Only a small number of vast natural landscapes remain on Earth – wild regions where ecological processes function normally and movements of wildlife remain largely unfettered by the fragmentation of habitats. These few places include the Amazon basin, the boreal forests of Canada, tundra of Siberia, the Sahara Desert, and the Australian Outback.
It has become increasingly apparent to modern science what Indigenous people have understood for centuries: that even in these large, natural ecosystems, the fate and condition of nature lies in the hands of the people who live on, know, respect and manage that land.
After five years of peer-reviewed studies about the issues and challenges and opportunities facing the 70% of the Australian continent the outback covers, it’s clear that there is a seemingly counter-intuitive relationship here: not only do people need nature, but nature also needs people.
The outback has been the home of Indigenous Australians for about 50,000 years. Over this period, traditional owners have tended, shaped and nurtured the landscape. Reciprocally, the landscape has helped to forge Indigenous identity and culture.
In Pew Charitable Trust’s latest study – My Country, Our Outback: Voices from the Land on Hope and Change in Australia’s Heartland – 12 personal stories are included to explore that relationship, its modern manifestations, and to recognise that there are new elements in this landscape, and new people and enterprises are now responsible for caring for this magical country.

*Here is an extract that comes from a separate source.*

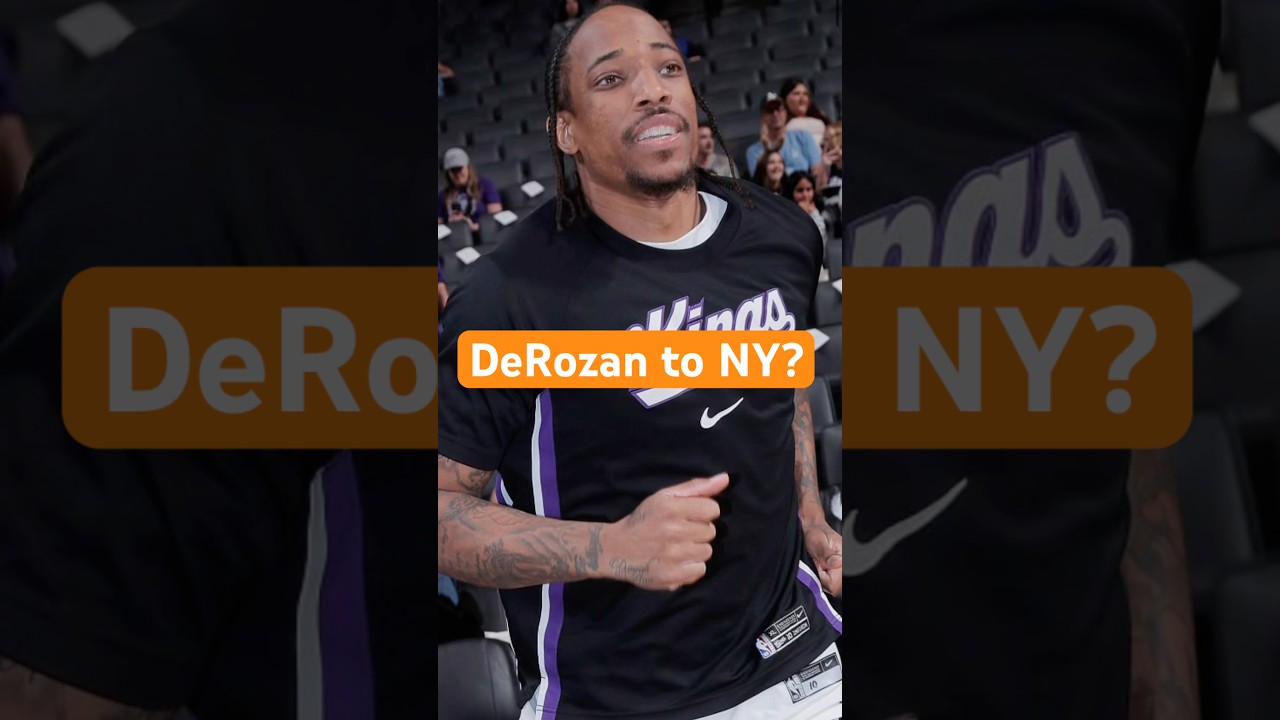 Knicks fans are BEGGING for this… #nba #newyorkforever #basketball #knicks #sports #nbanews #nyc #x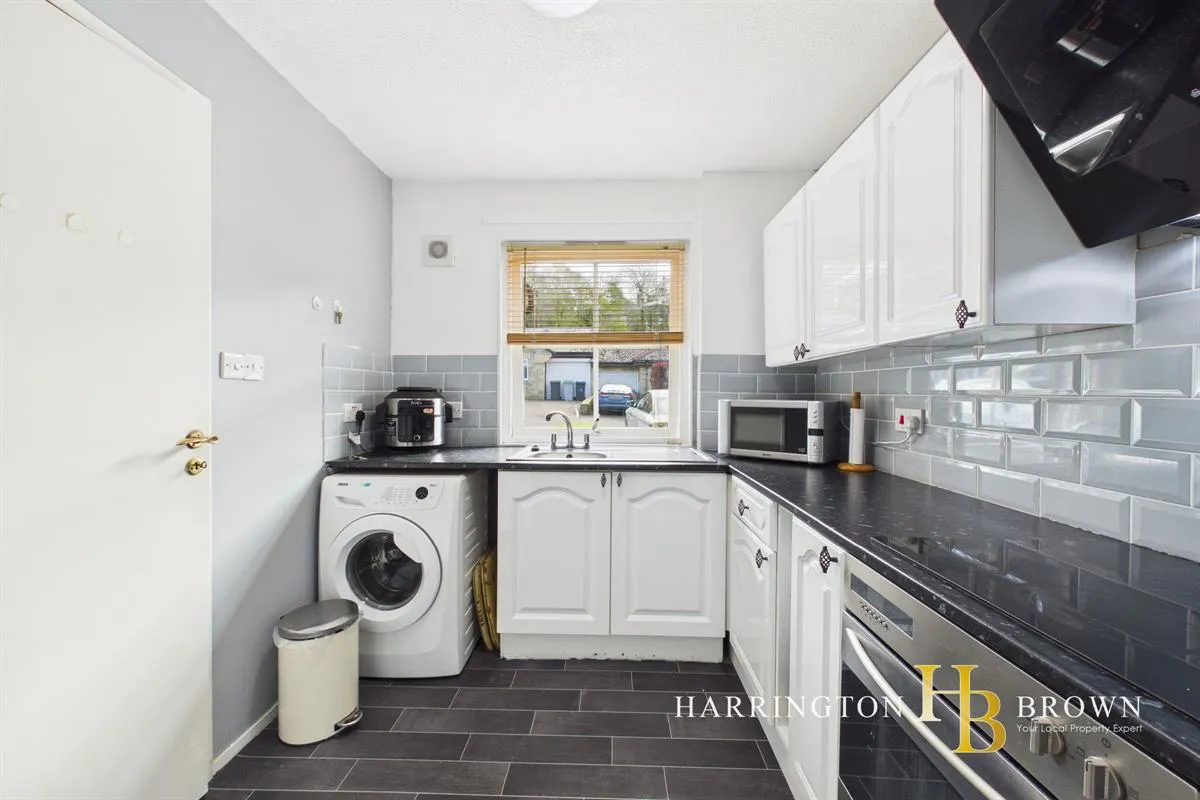 Oley Meadows, Shotley Bridge, photo 5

There are especially mysterious and spectacular places in the outback – Kakadu, Uluru, the Kimberley – icons that draw visitors from the nation and beyond. These are parts of a whole, places embedded within a vast natural landscape and dependent upon the greater area for their ecological health.
Importantly, the outback is now a modern landscape. Many graziers and Indigenous rangers use helicopters to traverse their country. They use laptops and satellites to check for fires and the state of water tanks in distant paddocks. Some outback stations now engage in carbon farming and tourism businesses as well as grazing cattle and sheep.

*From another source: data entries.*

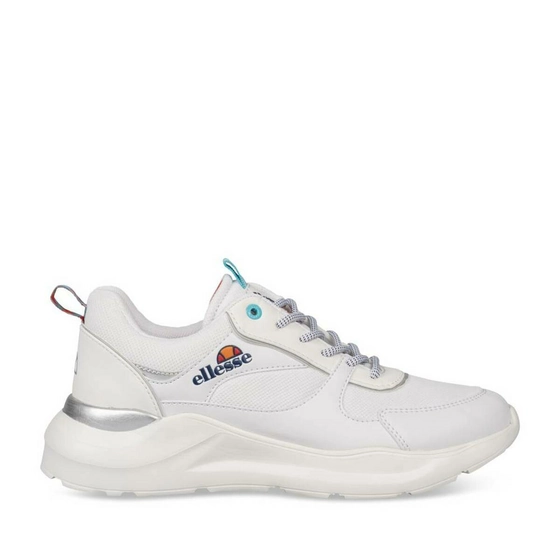 Sneakers WHITE ELLESSE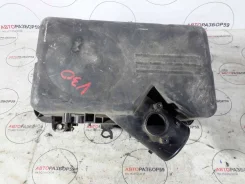 ������ ���������� ������� Toyota Camry V30 1770028160 1770028160 ����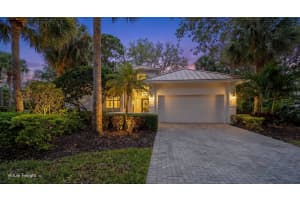 106 Toteka Circle, Jupiter, Fl 33458, Jupiter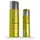 Swede Fruity Love 100 ml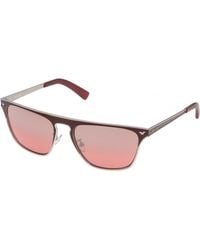 Police - S8978 56 56504X Sunglasses - Lyst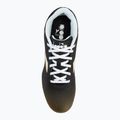 Pánské kopačky  Diadora Pichichi 7 MG14 blavk/white/gold 5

Today, however, the long-term health of the outback is under threat. Across vast areas, there are fewer land managers now than at any time in the past 50,000 years. This is causing problems – such as the uncontrolled spread of feral animals, noxious weeds and wildfires – that, unless addressed, will result in a continued decline in the health of the heart of Australia.

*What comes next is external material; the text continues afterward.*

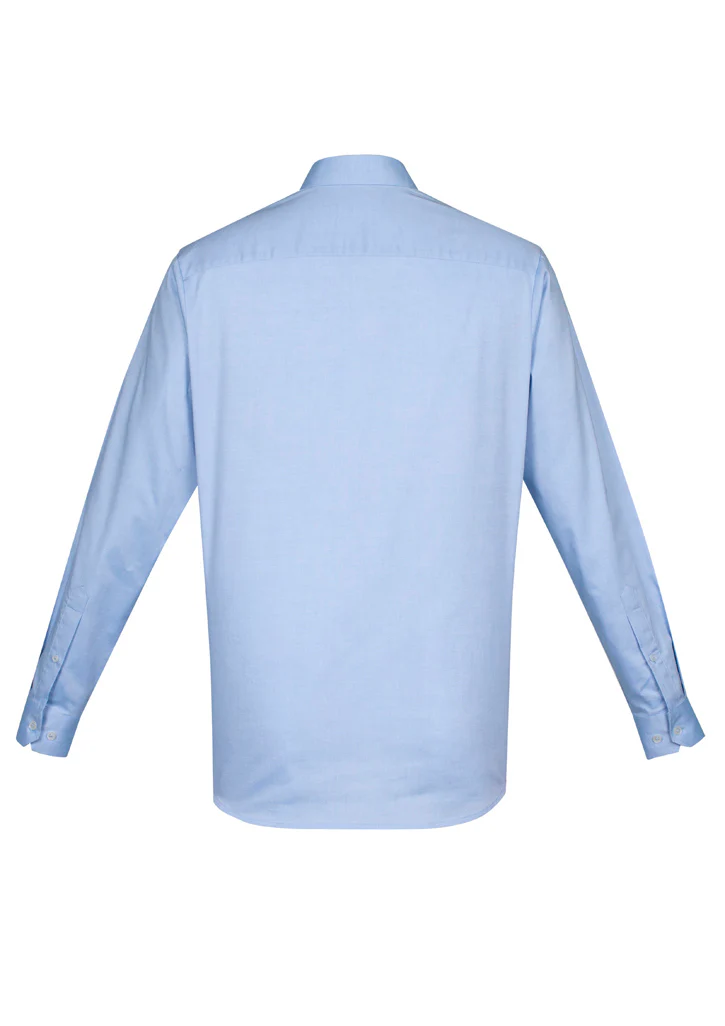 Camden Mens L/S Shirt - Image 3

With little understanding of the potential consequences to nature or future inhabitants, successive generations of settlers introduced a cavalcade of non-Australian plants and animals to the outback. Many of these species, such as foxes and cane toads, have spread across vast areas and taken a substantial toll on native species. That toll will continue to rise unless these feral animals and weeds are controlled, which cannot happen without people.